Activity → Could you restate the data below word for word, without its pictures?

(Scraped caption text data)
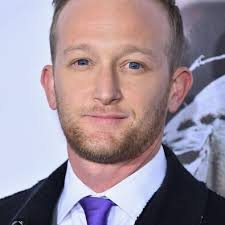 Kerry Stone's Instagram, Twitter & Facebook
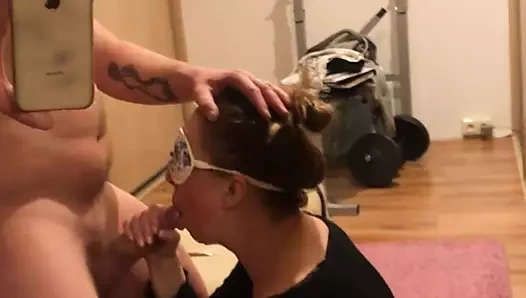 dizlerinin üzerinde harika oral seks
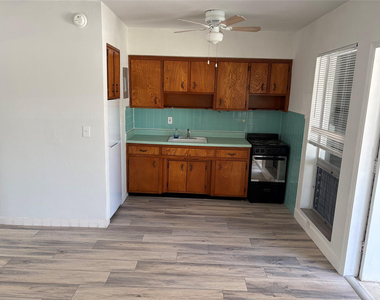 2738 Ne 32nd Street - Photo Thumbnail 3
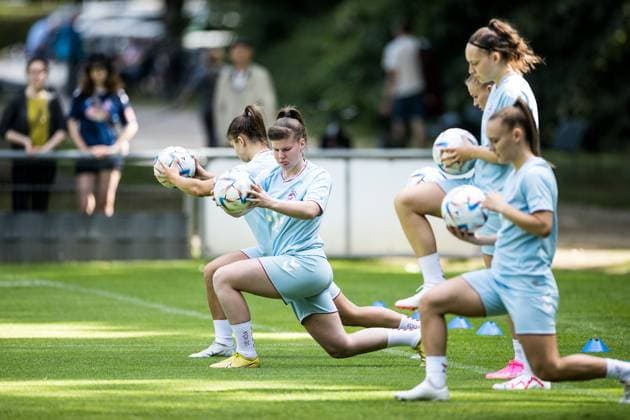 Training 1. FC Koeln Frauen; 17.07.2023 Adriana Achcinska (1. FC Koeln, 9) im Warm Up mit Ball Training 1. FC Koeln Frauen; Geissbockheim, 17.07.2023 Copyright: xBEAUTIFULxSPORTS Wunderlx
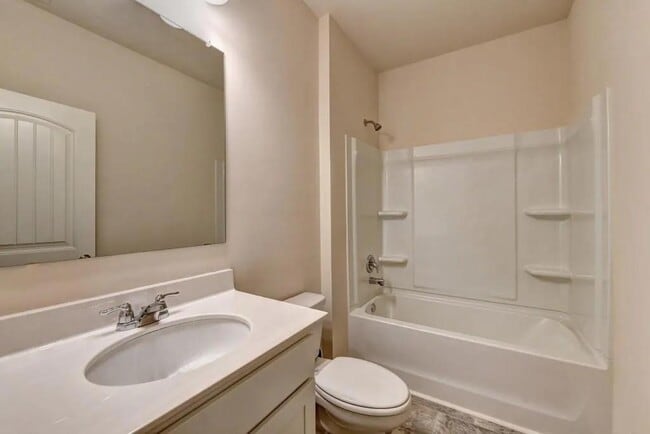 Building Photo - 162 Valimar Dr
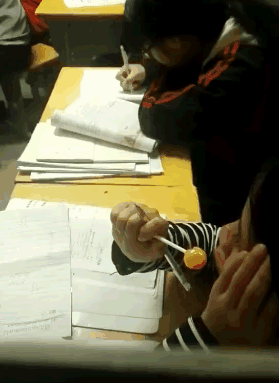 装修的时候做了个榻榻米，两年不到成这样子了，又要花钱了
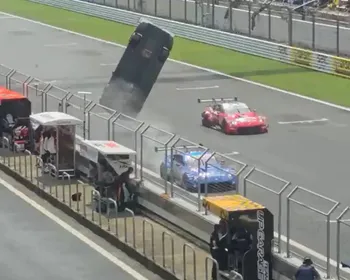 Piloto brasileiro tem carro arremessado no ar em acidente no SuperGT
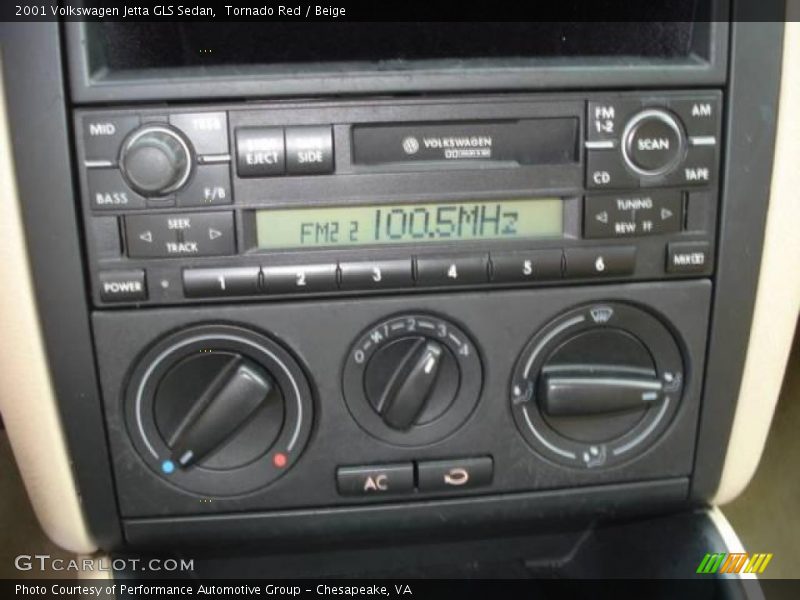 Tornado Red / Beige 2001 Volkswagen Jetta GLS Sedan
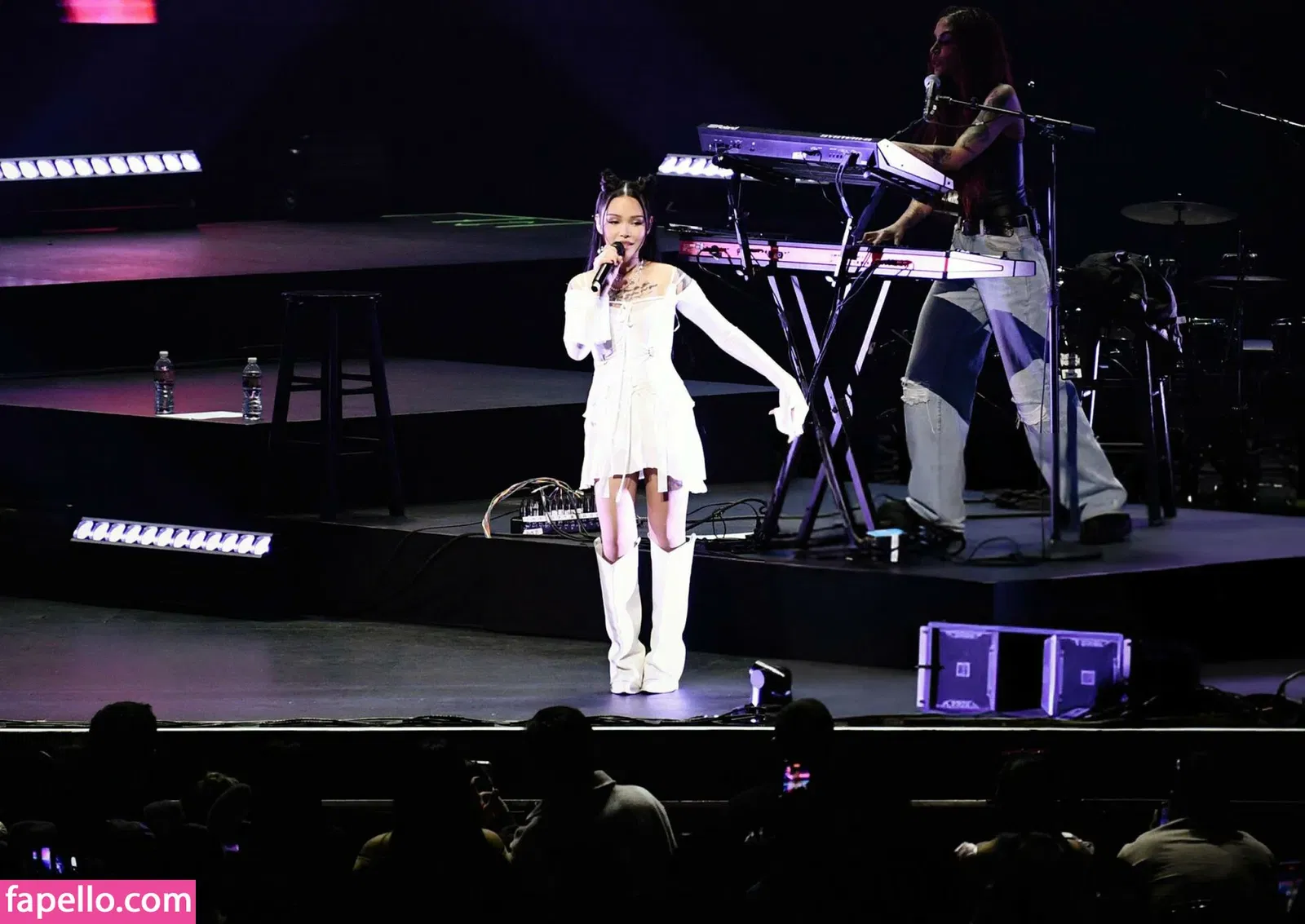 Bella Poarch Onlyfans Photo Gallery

Response to the task →
 Kerry Stone's Instagram, Twitter & Facebook
 dizlerinin üzerinde harika oral seks
 2738 Ne 32nd Street - Photo Thumbnail 3
 Training 1. FC Koeln Frauen; 17.07.2023 Adriana Achcinska (1. FC Koeln, 9) im Warm Up mit Ball Training 1. FC Koeln Frauen; Geissbockheim, 17.07.2023 Copyright: xBEAUTIFULxSPORTS Wunderlx
 Building Photo - 162 Valimar Dr
 装修的时候做了个榻榻米，两年不到成这样子了，又要花钱了
 Piloto brasileiro tem carro arremessado no ar em acidente no SuperGT
 Tornado Red / Beige 2001 Volkswagen Jetta GLS Sedan
 Bella Poarch Onlyfans Photo Gallery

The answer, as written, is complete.